» TASK BRIEF
For this exercise, retype the lines from the one that holds "1.75mm C3/K10 Tungsten" through the one that holds "Stainless steel cross" in the records below, both included, exactly and without pictures.

» DATA TO USE
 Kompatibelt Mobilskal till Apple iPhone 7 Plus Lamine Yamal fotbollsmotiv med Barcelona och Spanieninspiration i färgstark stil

==

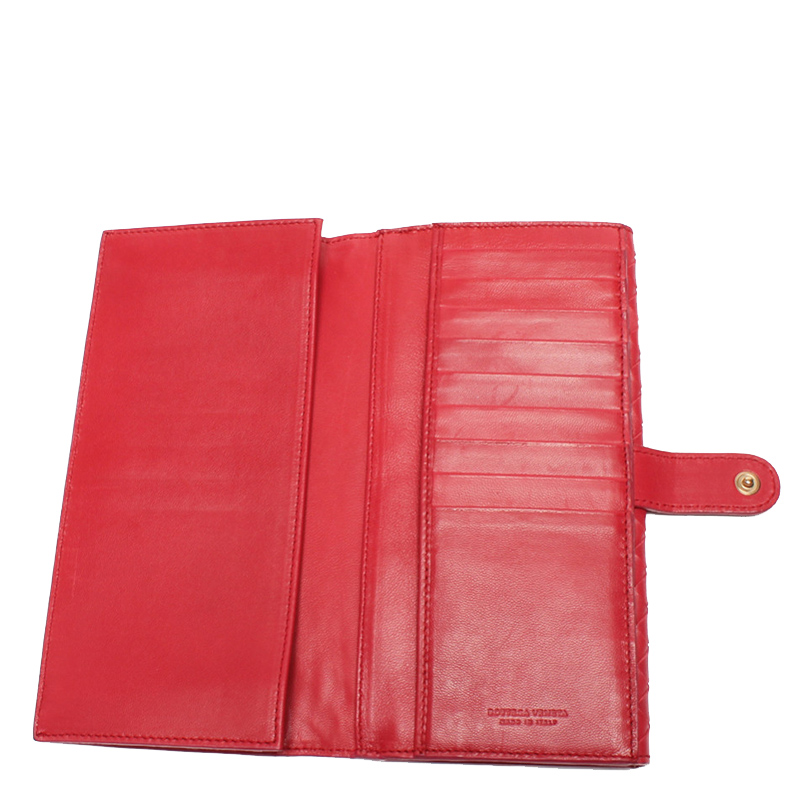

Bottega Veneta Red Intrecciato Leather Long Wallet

---

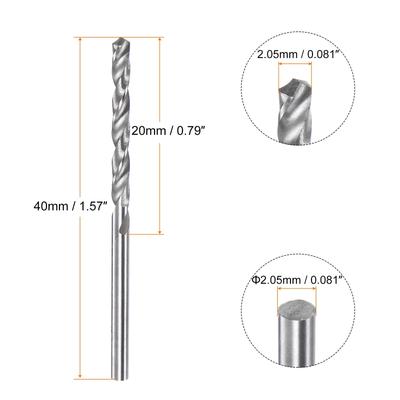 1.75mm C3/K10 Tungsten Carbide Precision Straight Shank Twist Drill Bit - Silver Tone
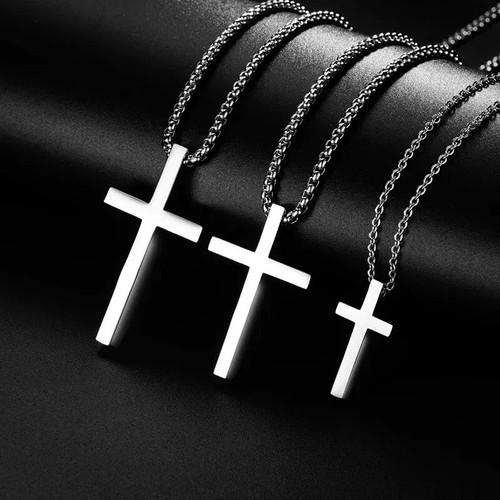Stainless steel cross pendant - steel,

» TASK SOLUTION
 1.75mm C3/K10 Tungsten Carbide Precision Straight Shank Twist Drill Bit - Silver Tone
Stainless steel cross pendant - steel,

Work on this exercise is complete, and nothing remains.